However, such conceptions solve few real problems, just as the theory of "social constructivism" offers neither consolation to anyone nor help make anyone’s problem easier to resolve or overcome in any way. Thus, absolute denial of identity often entails giving homilies that are often naive. It reflects simplistic optimism about humanity and its capacity to tame nature and culture.

We should always remain mindful (and there are dozens of examples to this effect right under our noses) that current conditions are highly conducive not only for generating identities, but also for saturating them with animosity and belligerence. These same conditions - the discrimination and subjugation that define our present - are behind the atrophy of our sense of patriotism and humanity, and their efforts have been successful. It is our reality that is planting within us this evil seed that makes each of us see the other as the embodiment of evil, and, here too, it is succeeding. Moreover, that is happening in a region where "national identity" and its state have been bankrupted, and where the frameworks of national politics have cracked.

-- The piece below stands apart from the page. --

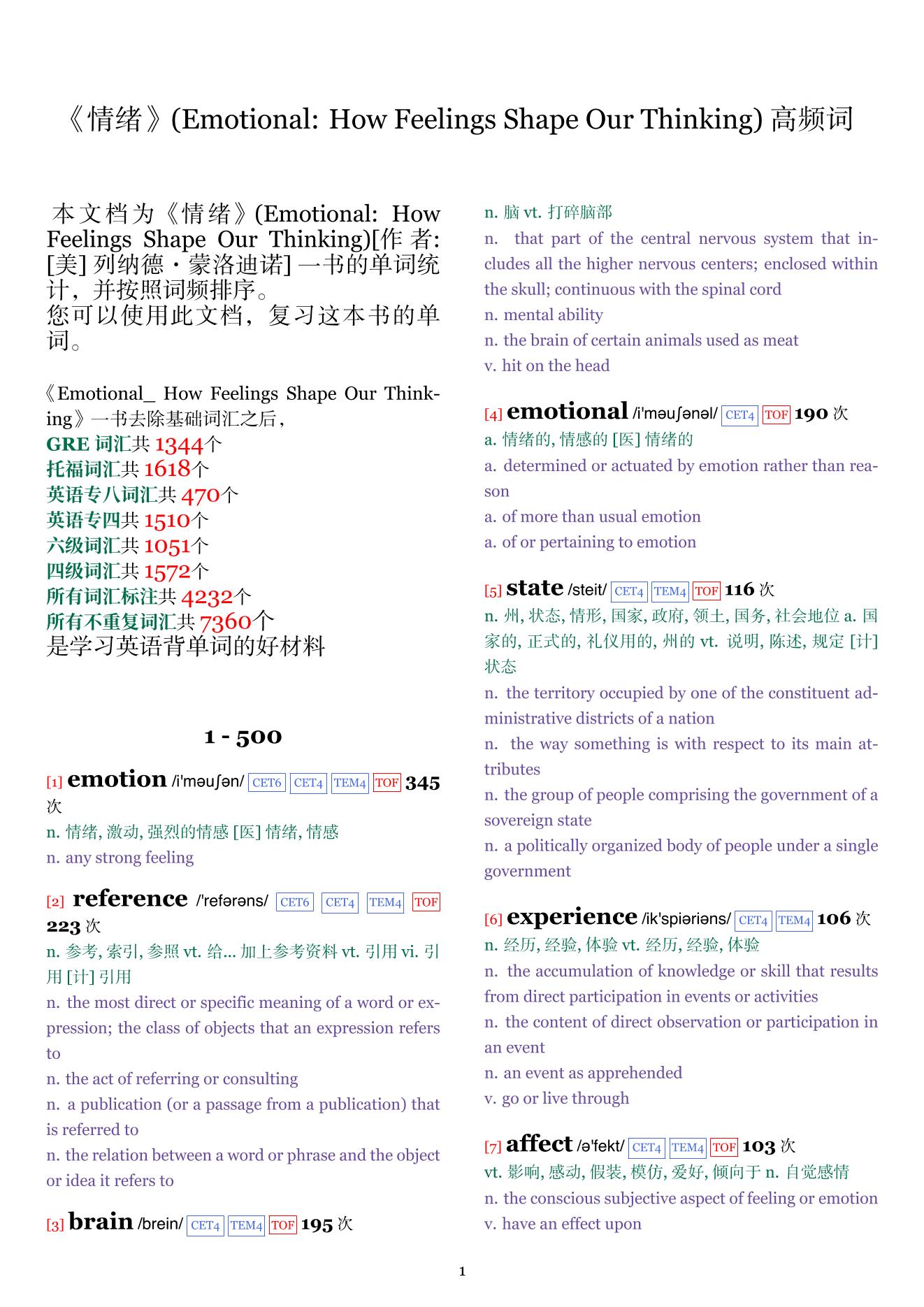 Emotional: How Feelings Shape Our Thinking词频统计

It is becoming clear that, at least in the Levant, several rival nations live under the cloak of a single nation. The modern ideologies (nationalism, socialism, and others) under which rival groups once took shade are withering away, with communal identification and the community’s ideology becoming one and the same.

It would be absurd and flippant to ask communities threatened with death or genocide to respond by proclaiming their devotion to their national or human identity, and to demand that they refuse to engage with the "enemy of the homeland" even as the latter saves them from the mortal threat posed by their so-called "brothers" in humanity or nationality.

Taking a position that would become among her most memorable, Hannah Arendt asked a Jew who is attacked as a Jew to "defend oneself as a Jew. Not as a German, not as a world-citizen, not as an upholder of the Rights of Man." The same maxim, of course, is equally applicable to the Palestinian attacked as a Palestinian, and for the Muslim, the Christian, the Kurd, the Alawite, the Druze, and anyone else.

Recognizing oppressed identities and satisfying their appetites would probably do the job far better than denying their existence or looking down on them. Quelling identities’ hunger would make it possible to push for containing their absolutism and insularity, and to reduce the centrality of a particular era - the most tense and terrifying period it has undergone - in communities’ reading of history. Feeding identities until they are full also reduces the degree to which groups see themselves as an indivisible rock and the world as perpetual war.

Until further notice, manufacturing identities, both the victimizer and the victimized, will remain our leading industry. And it is neither useful nor appropriate to fancy oneself to be standing over silk as one stands over thorns.